[Start of section]
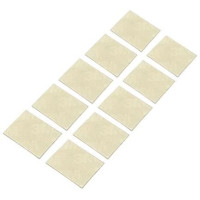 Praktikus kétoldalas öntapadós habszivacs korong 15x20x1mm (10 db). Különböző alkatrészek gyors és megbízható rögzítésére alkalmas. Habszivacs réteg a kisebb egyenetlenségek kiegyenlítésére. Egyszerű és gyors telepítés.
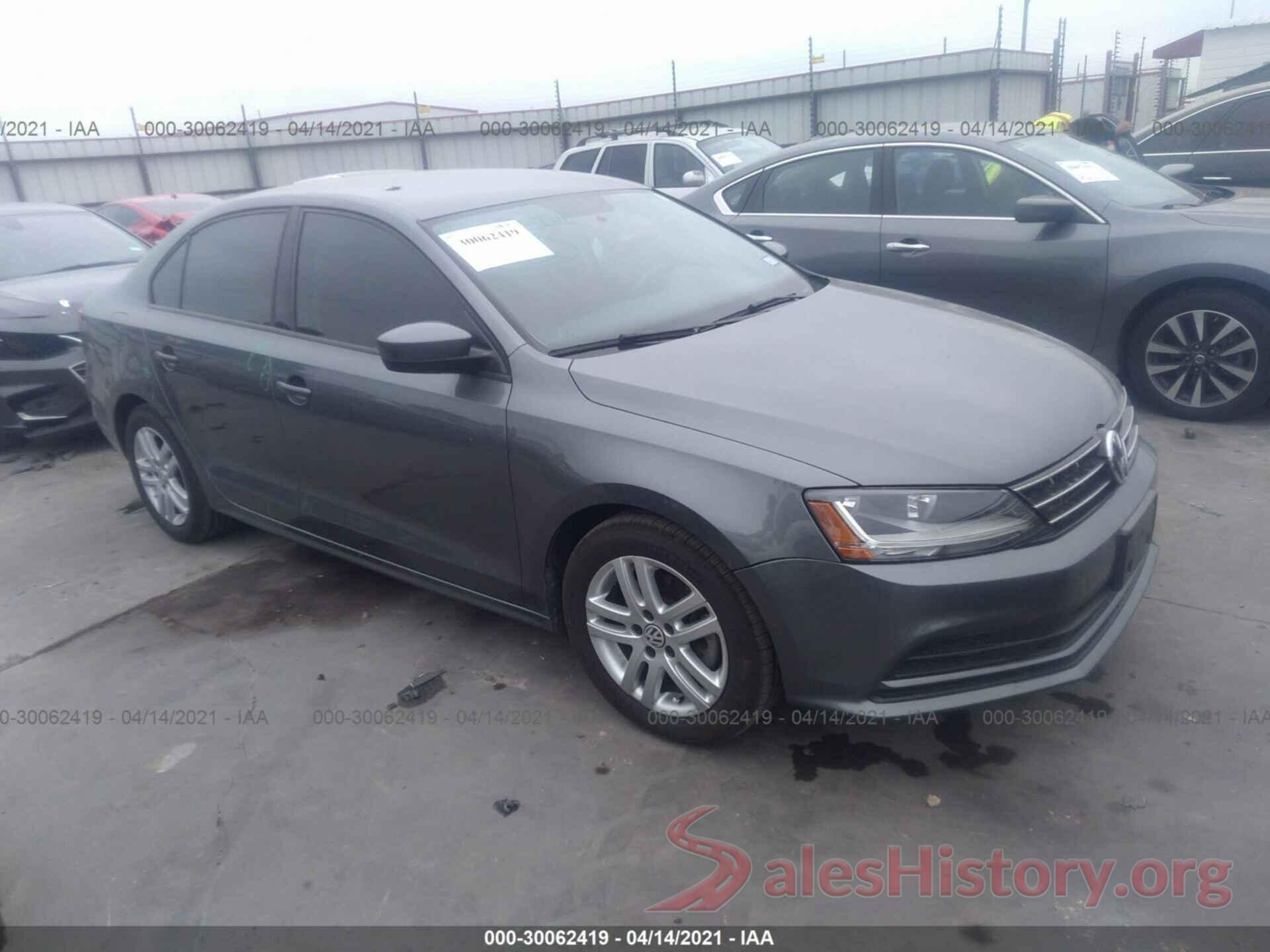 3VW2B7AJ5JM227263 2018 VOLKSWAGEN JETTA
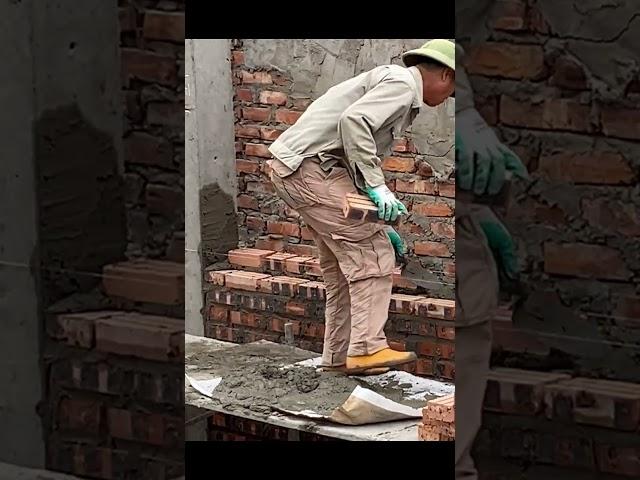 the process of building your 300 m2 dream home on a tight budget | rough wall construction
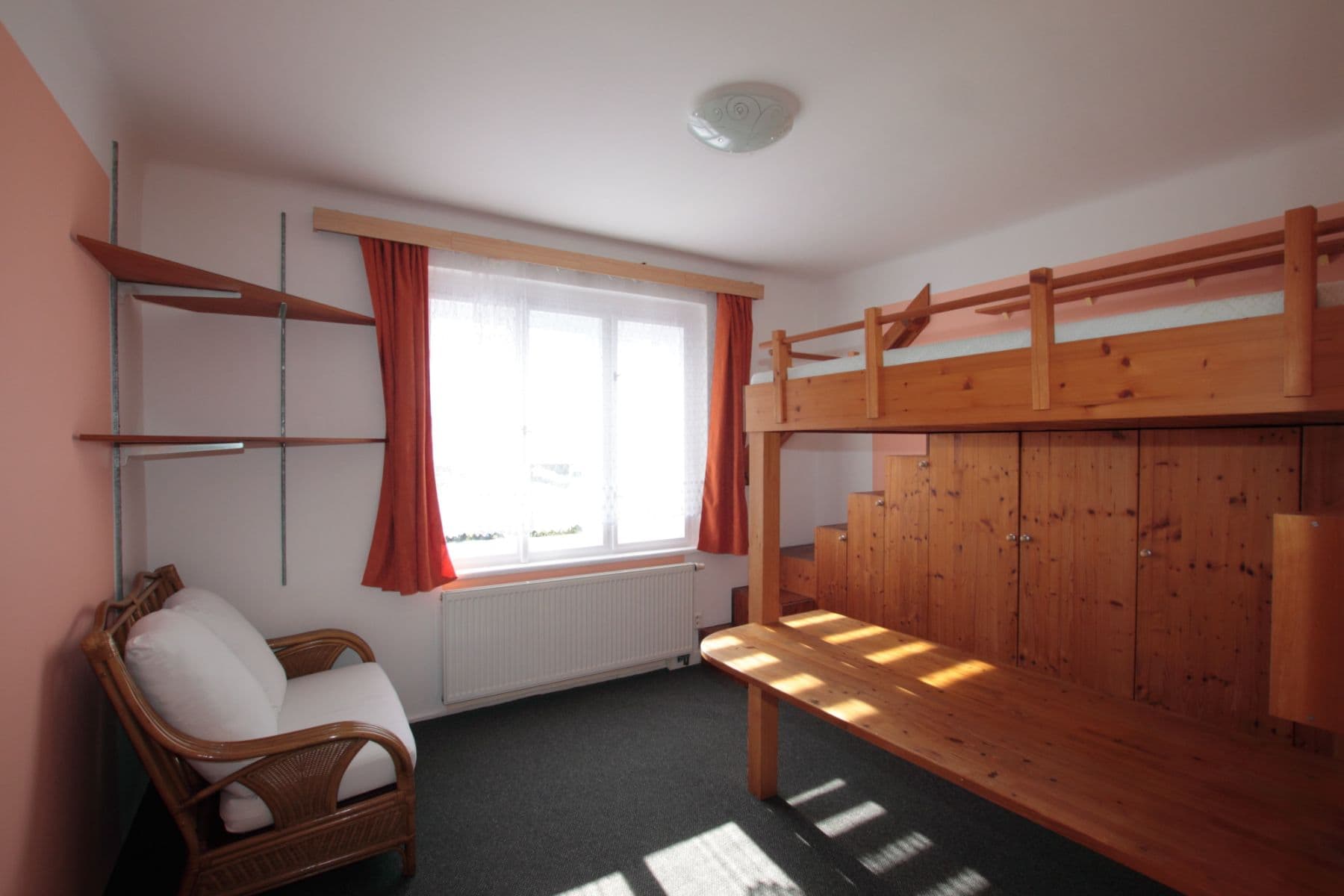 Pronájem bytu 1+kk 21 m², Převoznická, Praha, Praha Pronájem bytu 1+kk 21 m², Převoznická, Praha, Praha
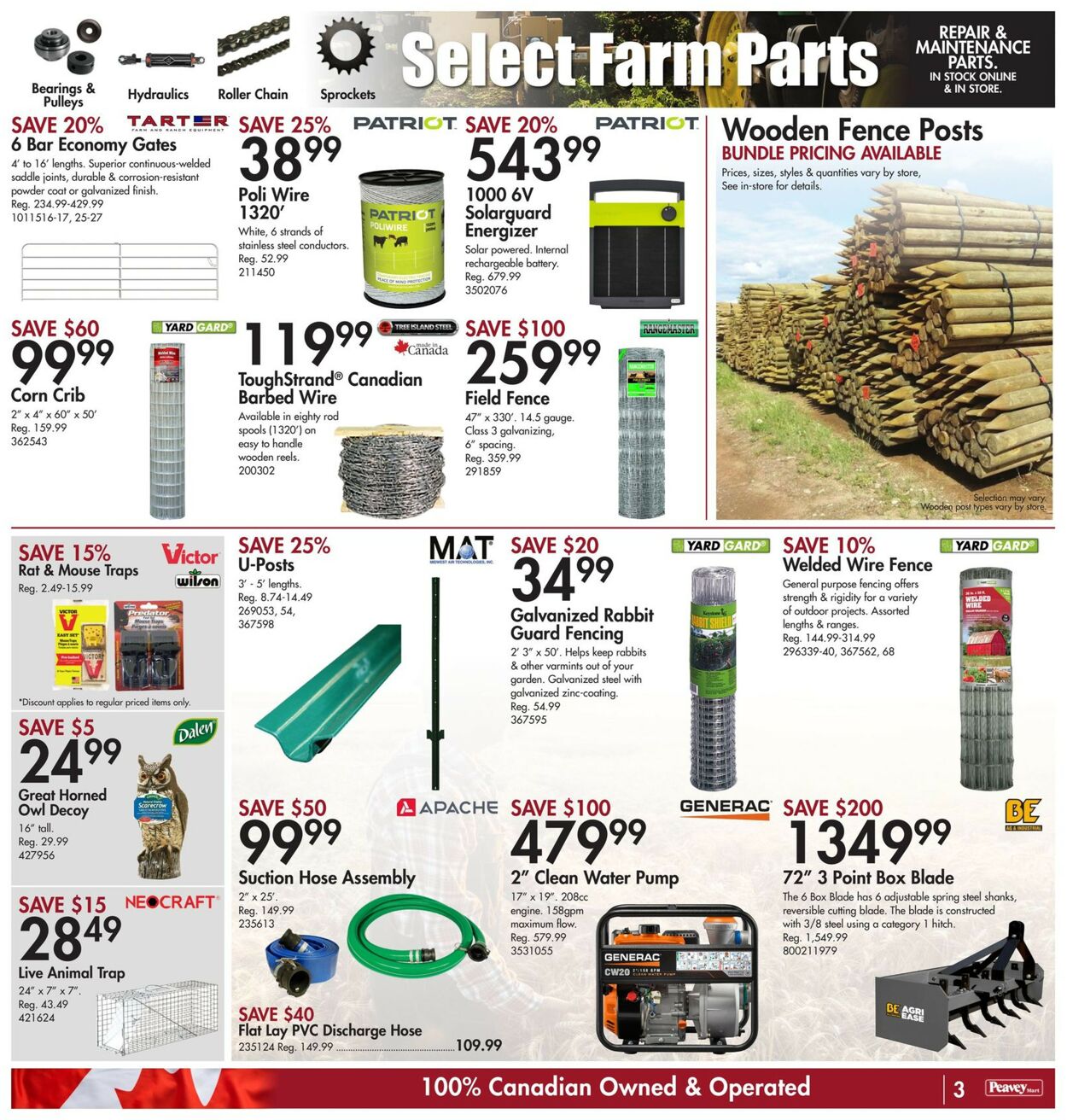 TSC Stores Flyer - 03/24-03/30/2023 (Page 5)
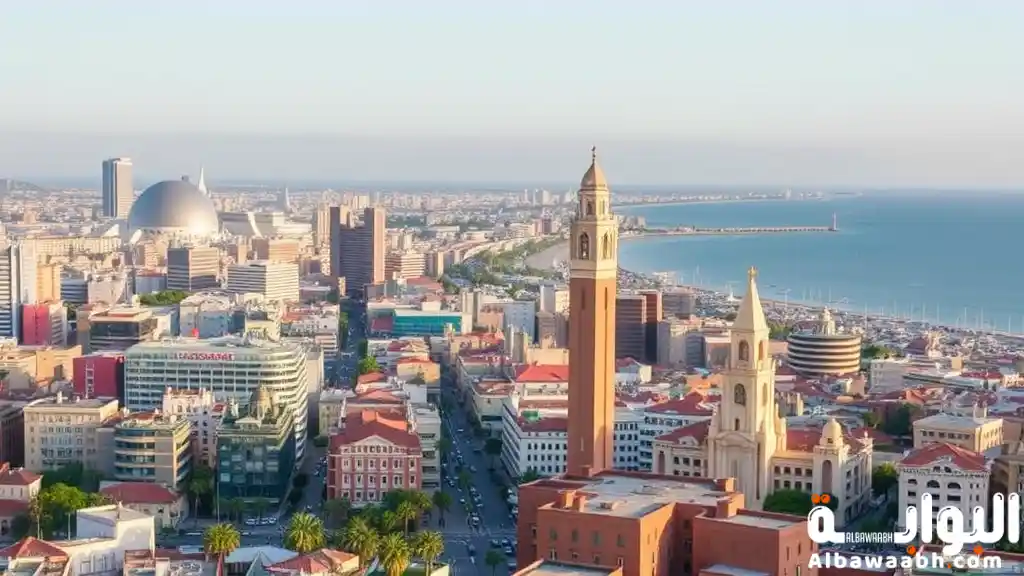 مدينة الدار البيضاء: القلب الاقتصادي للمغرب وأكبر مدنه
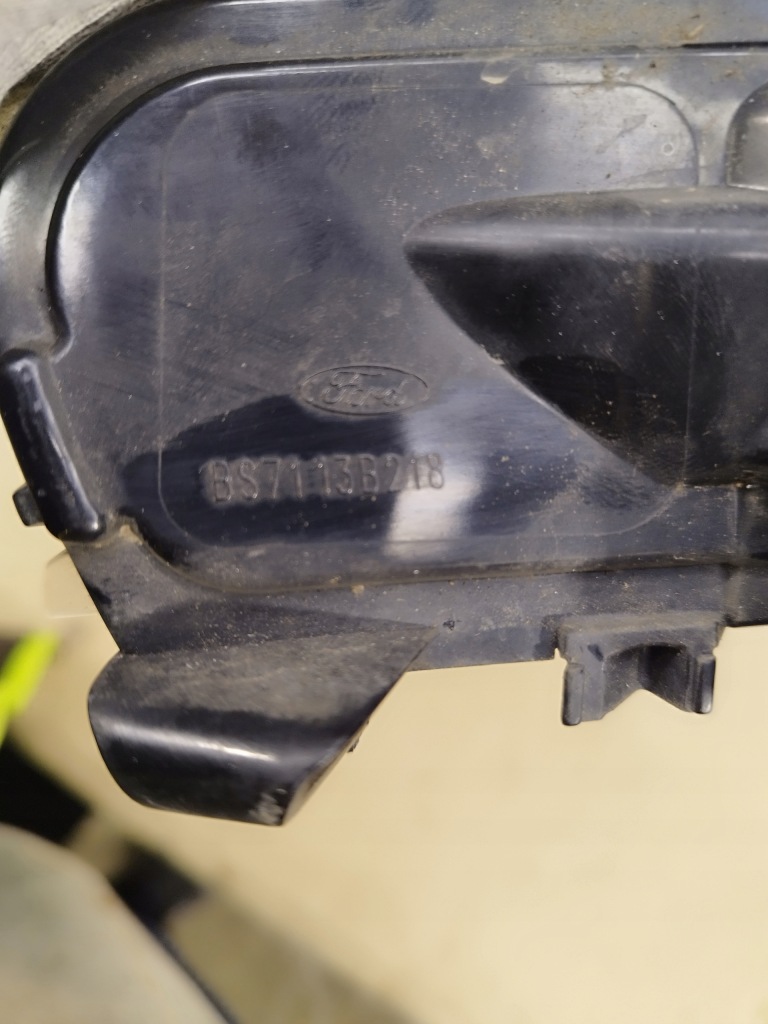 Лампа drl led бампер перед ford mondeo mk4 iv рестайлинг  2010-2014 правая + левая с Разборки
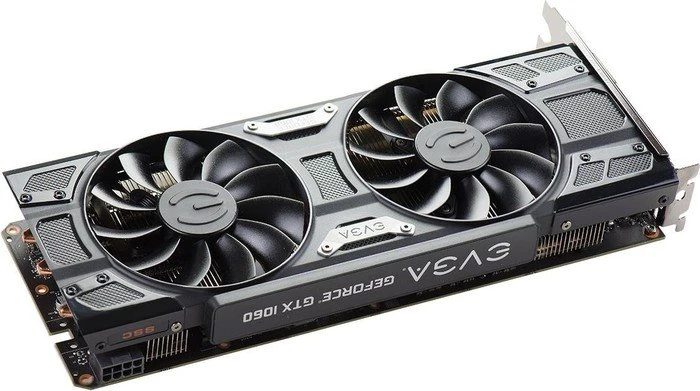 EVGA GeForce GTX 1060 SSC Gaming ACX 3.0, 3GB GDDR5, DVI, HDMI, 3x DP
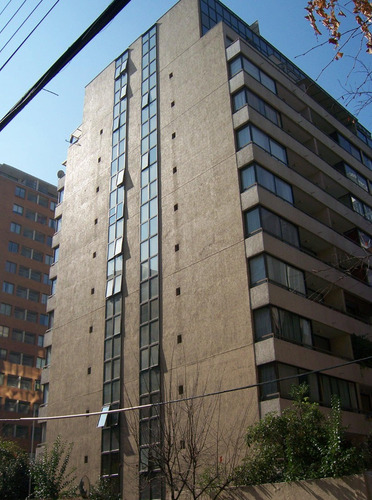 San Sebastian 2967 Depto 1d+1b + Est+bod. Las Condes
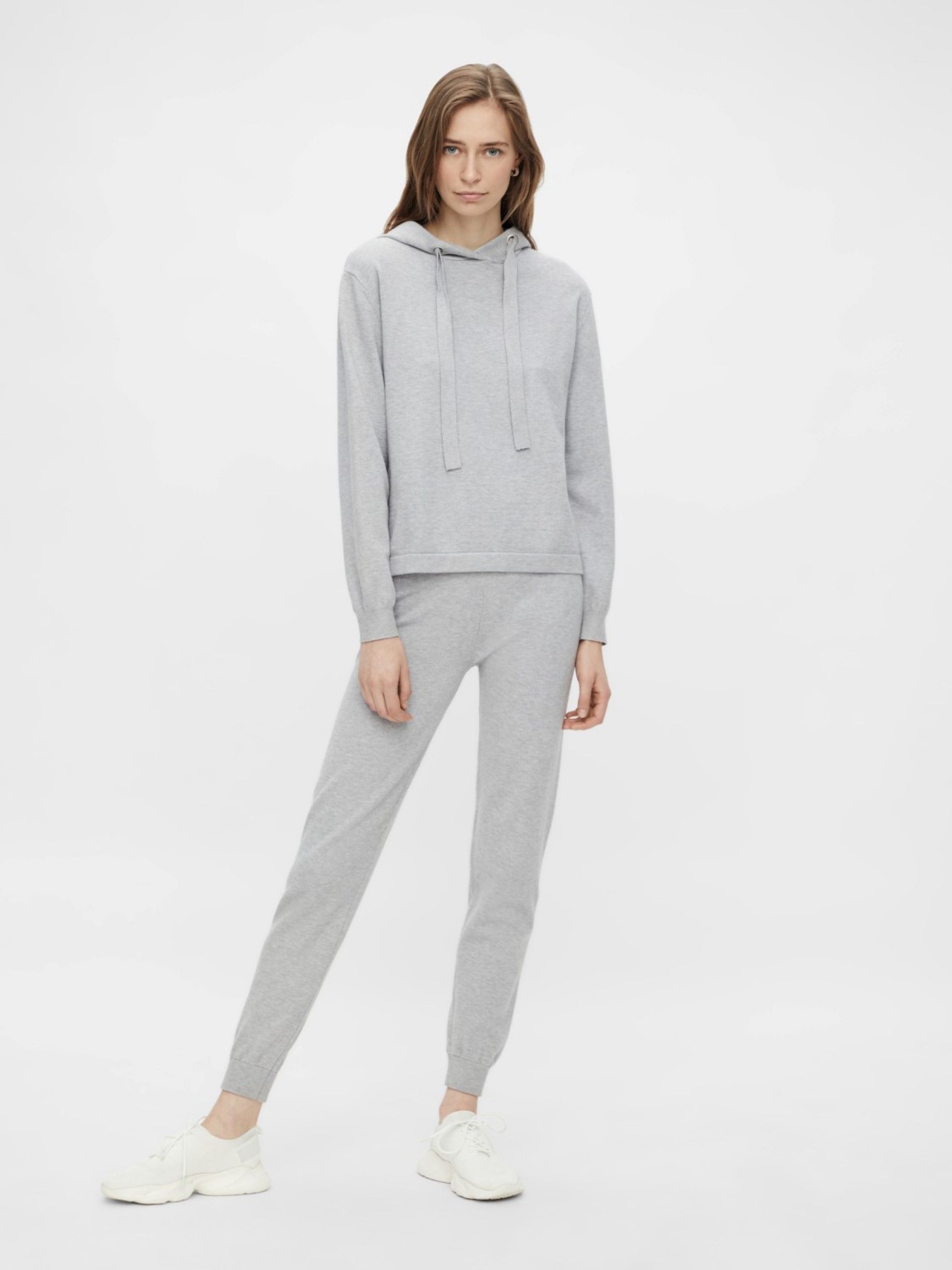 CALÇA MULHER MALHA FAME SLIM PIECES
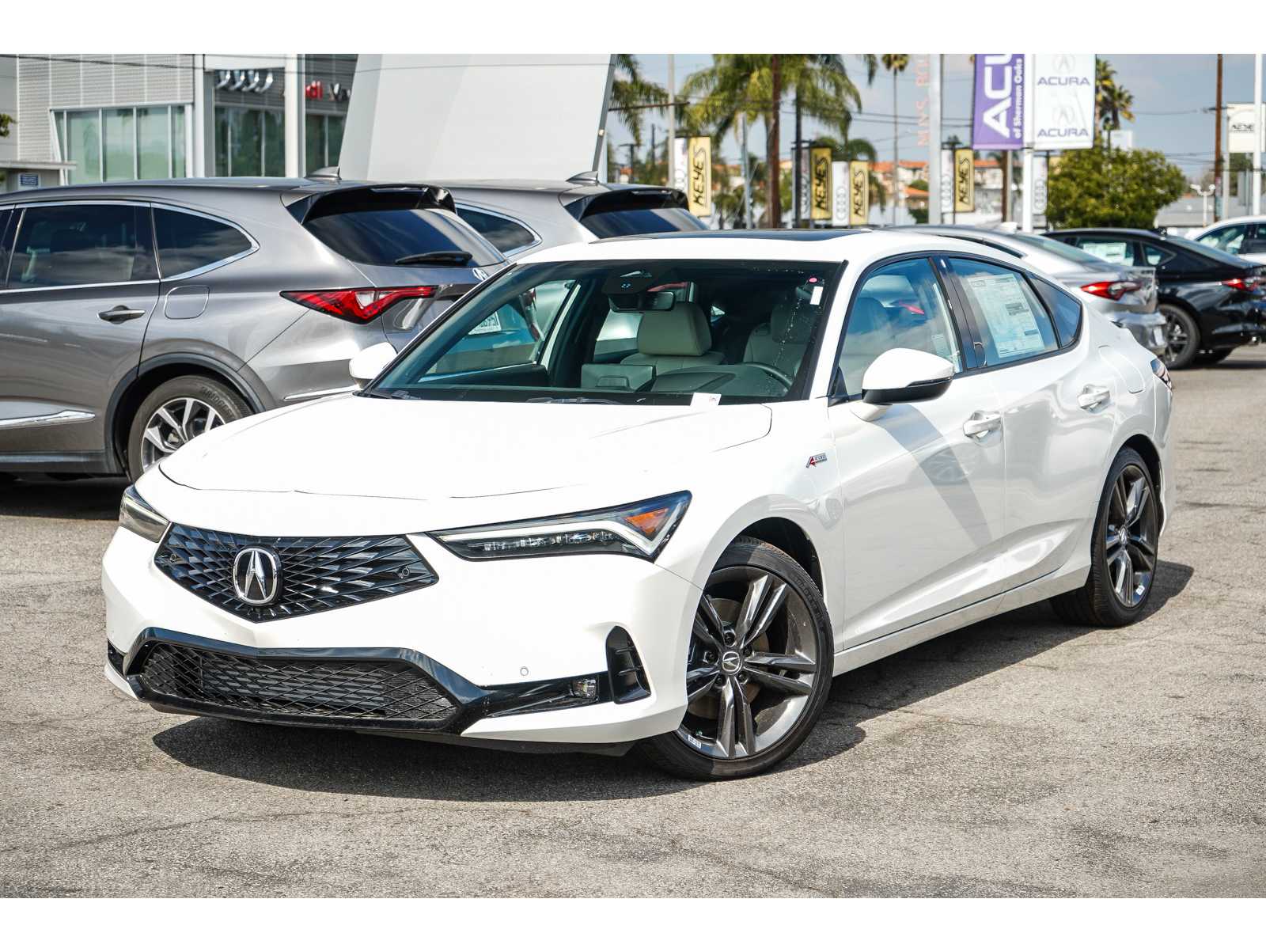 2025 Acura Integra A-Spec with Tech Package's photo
[End of section]
For the entries above, return an exact copy that omits the images.

 Praktikus kétoldalas öntapadós habszivacs korong 15x20x1mm (10 db). Különböző alkatrészek gyors és megbízható rögzítésére alkalmas. Habszivacs réteg a kisebb egyenetlenségek kiegyenlítésére. Egyszerű és gyors telepítés.
 3VW2B7AJ5JM227263 2018 VOLKSWAGEN JETTA
 the process of building your 300 m2 dream home on a tight budget | rough wall construction
 Pronájem bytu 1+kk 21 m², Převoznická, Praha, Praha Pronájem bytu 1+kk 21 m², Převoznická, Praha, Praha
 TSC Stores Flyer - 03/24-03/30/2023 (Page 5)
 مدينة الدار البيضاء: القلب الاقتصادي للمغرب وأكبر مدنه
 Лампа drl led бампер перед ford mondeo mk4 iv рестайлинг  2010-2014 правая + левая с Разборки
 EVGA GeForce GTX 1060 SSC Gaming ACX 3.0, 3GB GDDR5, DVI, HDMI, 3x DP
 San Sebastian 2967 Depto 1d+1b + Est+bod. Las Condes
 CALÇA MULHER MALHA FAME SLIM PIECES
 2025 Acura Integra A-Spec with Tech Package's photo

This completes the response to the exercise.